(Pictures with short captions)
##############################

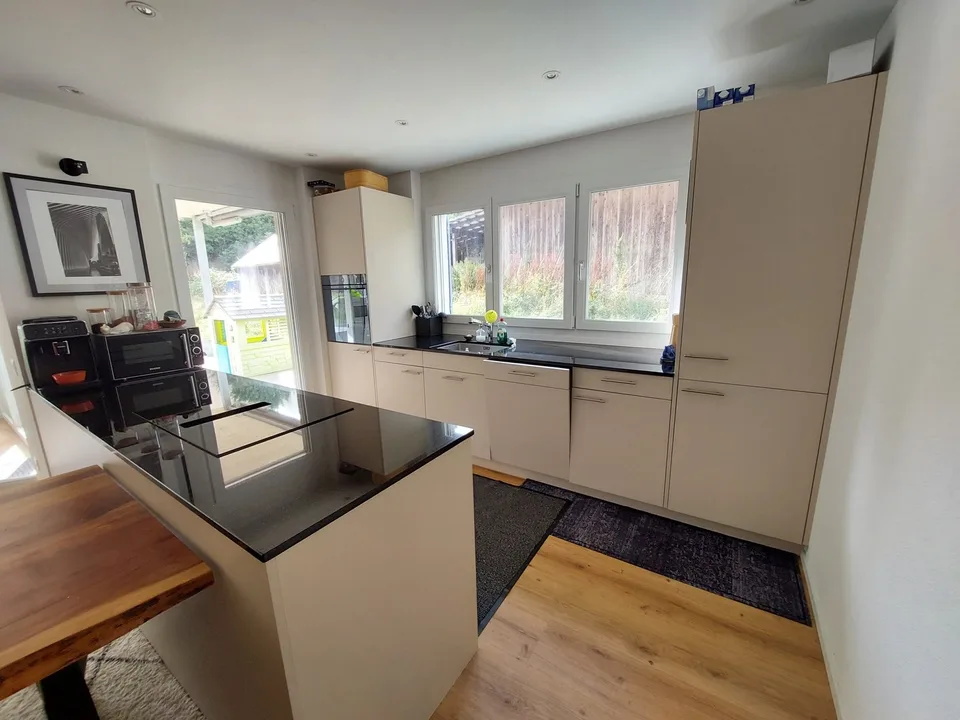 Appartement charmant avec beaucoup d'espaces verts, moderne et familial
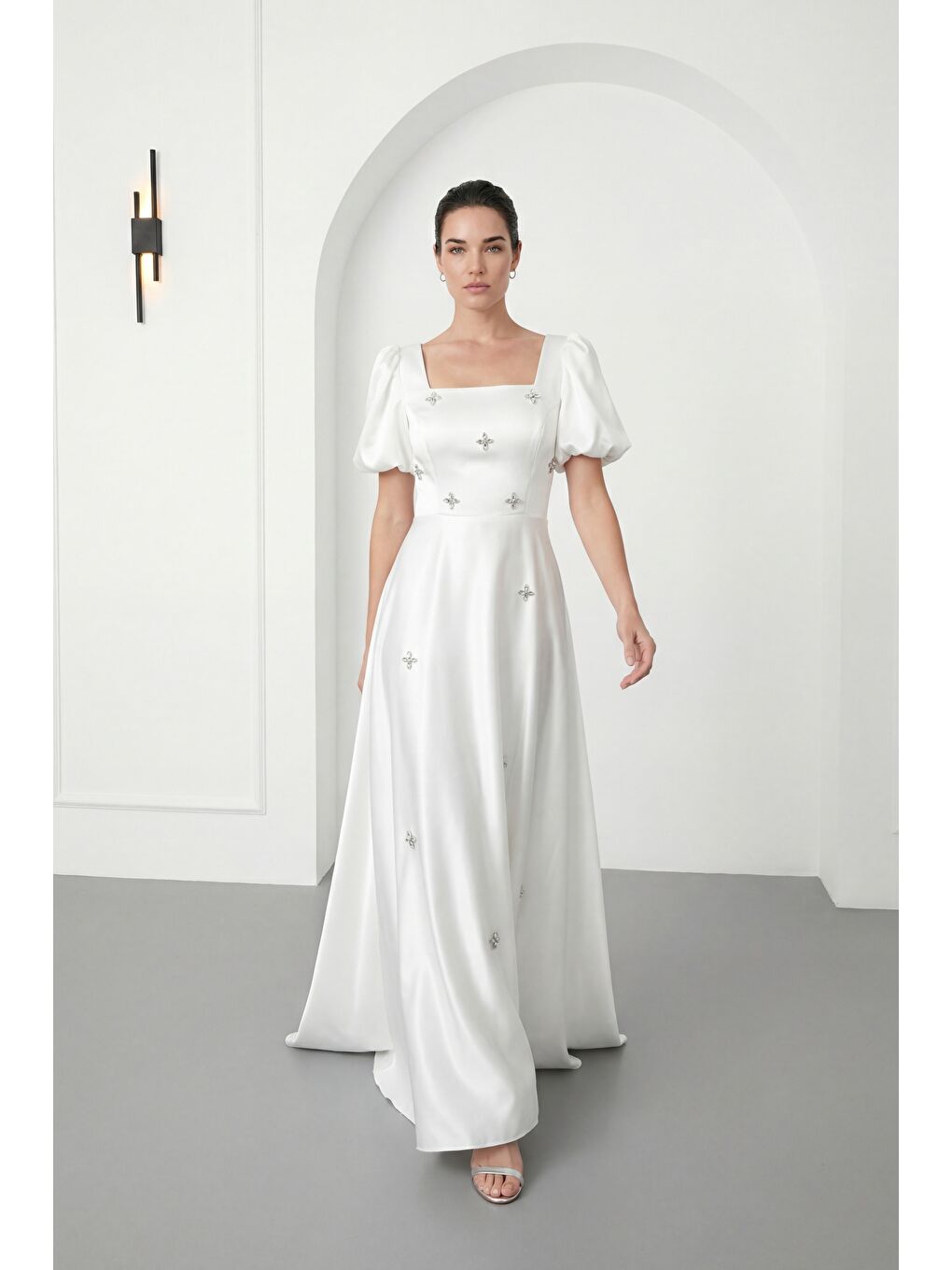 Kadın Beyaz Kare Yaka Balon Kol Taşlı Uzun Saten Abiye Elbise
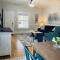 Stunning Bungalow next to UNC - Free Bikes!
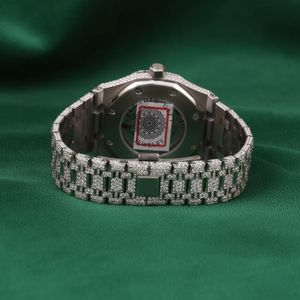 Montre de luxe en diamant, bracelet en argent moissanite, fermoir caché, mouvement à quartz ETA analogique, unisexe, 15 mm, argent, résistante à l'eau 10 m - Product Image 6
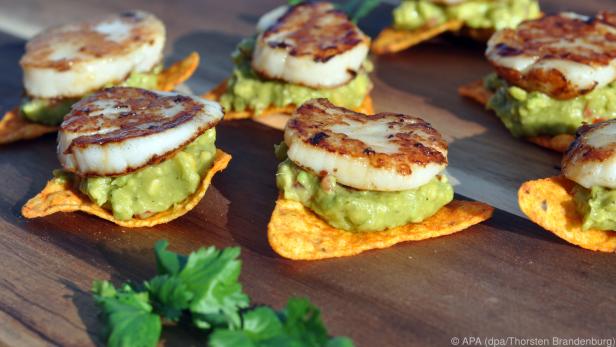 Der besondere Appetizer: Gegrillte Jakobsmuscheln mit Avocadocreme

##############################

=== Try it ===
Every record above must be copied exactly; none of the pictures belong in the copy.

=== Finished exercise ===
 Appartement charmant avec beaucoup d'espaces verts, moderne et familial
 Kadın Beyaz Kare Yaka Balon Kol Taşlı Uzun Saten Abiye Elbise
 Stunning Bungalow next to UNC - Free Bikes!
 Montre de luxe en diamant, bracelet en argent moissanite, fermoir caché, mouvement à quartz ETA analogique, unisexe, 15 mm, argent, résistante à l'eau 10 m - Product Image 6
 Der besondere Appetizer: Gegrillte Jakobsmuscheln mit Avocadocreme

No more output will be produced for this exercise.